HHS promulgated this final rule under the authority of sections 2701 to 2763, 2791, and 2792 of the Public Health Service Act, as amended, and sections 1301 to 1304, 1311 to 1313, 1321, 1322, 1324, 1331, 1334, 1342, 1343, 1401, 1402, and 1411 to 1413 of title I of the Affordable Care Act. 26 U.S.C. § 36B; 42 U.S.C. §§ 300gg to 300gg–63, 300gg–91, 300gg–92, 18021 to 18024, 18031 to 18033, 18041, 18042, 18044, 18051, 18054, 18061, 18063, 18071, and 18081 to 18083.

Executive Order Nos. 12,866 and 13,563 (Regulatory Planning and Review)
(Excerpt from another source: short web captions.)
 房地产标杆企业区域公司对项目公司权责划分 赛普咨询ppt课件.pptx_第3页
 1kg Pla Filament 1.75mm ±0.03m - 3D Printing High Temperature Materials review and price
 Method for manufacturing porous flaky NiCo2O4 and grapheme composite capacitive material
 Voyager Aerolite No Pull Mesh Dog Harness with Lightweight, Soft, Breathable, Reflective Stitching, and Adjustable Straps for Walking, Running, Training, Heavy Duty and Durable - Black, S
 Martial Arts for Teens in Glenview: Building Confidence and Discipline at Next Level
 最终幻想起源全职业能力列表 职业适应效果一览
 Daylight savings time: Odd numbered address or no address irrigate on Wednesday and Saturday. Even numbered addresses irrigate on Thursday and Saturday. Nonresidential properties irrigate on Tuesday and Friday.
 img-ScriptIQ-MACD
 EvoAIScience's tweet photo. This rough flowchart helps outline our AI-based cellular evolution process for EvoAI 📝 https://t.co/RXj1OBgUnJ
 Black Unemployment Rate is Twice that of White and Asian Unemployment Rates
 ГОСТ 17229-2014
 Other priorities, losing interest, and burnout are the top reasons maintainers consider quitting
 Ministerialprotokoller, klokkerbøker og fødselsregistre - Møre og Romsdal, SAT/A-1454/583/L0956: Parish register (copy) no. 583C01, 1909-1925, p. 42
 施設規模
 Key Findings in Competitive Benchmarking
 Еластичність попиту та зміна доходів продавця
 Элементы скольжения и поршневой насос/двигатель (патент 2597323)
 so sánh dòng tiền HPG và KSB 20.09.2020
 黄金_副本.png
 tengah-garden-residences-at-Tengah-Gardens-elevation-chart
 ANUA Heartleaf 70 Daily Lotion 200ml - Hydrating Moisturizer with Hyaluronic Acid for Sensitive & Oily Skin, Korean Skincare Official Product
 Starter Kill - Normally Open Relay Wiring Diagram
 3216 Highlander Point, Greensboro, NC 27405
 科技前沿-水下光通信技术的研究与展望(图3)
HHS determined that this final rule is economically significant under the Order. It was reviewed by OMB.

Executive Order No. 13,132 (Federalism)

HHS determined that this final rule does not impose substantial direct costs on state and local governments. However, HHS also believes that this final rule has federalism implications due to direct effects on the distribution of power and responsibilities among the state and federal governments relating to determining standards for health insurance coverage that is offered in the individual and small group markets. HHS expects that the federalism implications, if any, are substantially mitigated because of the flexibility and options this rule reserves for the states. To comply with the Order, HHS made efforts to consult with and work cooperatively with states as evidenced by continued communication through weekly calls and listening sessions.